What the task requires
Among the lines of data below, reproduce only those from the one with "Lake Point Motel logo with sun and birds." through the one with "Vibeys Collection Жіночий", exactly as they stand, both ends included.

Supplied material
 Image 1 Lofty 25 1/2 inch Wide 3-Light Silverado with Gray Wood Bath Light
--
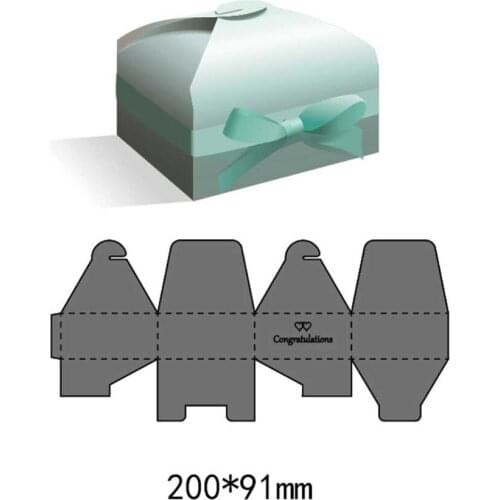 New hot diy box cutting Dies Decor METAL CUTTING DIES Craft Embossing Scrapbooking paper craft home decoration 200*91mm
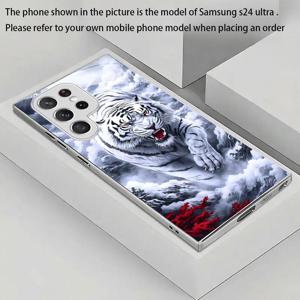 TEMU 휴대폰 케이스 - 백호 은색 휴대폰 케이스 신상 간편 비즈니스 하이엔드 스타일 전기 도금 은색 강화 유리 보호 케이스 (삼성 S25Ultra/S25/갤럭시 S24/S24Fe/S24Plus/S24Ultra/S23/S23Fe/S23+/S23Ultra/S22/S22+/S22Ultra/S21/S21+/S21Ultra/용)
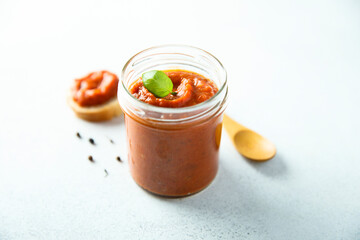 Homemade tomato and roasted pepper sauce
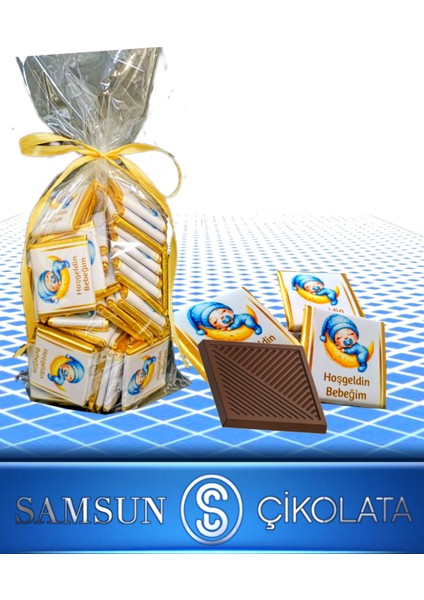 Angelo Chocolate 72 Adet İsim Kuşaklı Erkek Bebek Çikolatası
---
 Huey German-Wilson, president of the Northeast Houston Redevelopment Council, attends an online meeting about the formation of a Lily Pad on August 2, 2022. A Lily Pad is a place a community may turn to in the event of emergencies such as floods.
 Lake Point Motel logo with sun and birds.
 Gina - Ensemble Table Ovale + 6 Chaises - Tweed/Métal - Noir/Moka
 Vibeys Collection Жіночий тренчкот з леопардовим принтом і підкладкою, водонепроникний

Output for this exercise
 Lake Point Motel logo with sun and birds.
 Gina - Ensemble Table Ovale + 6 Chaises - Tweed/Métal - Noir/Moka
 Vibeys Collection Жіночий тренчкот з леопардовим принтом і підкладкою, водонепроникний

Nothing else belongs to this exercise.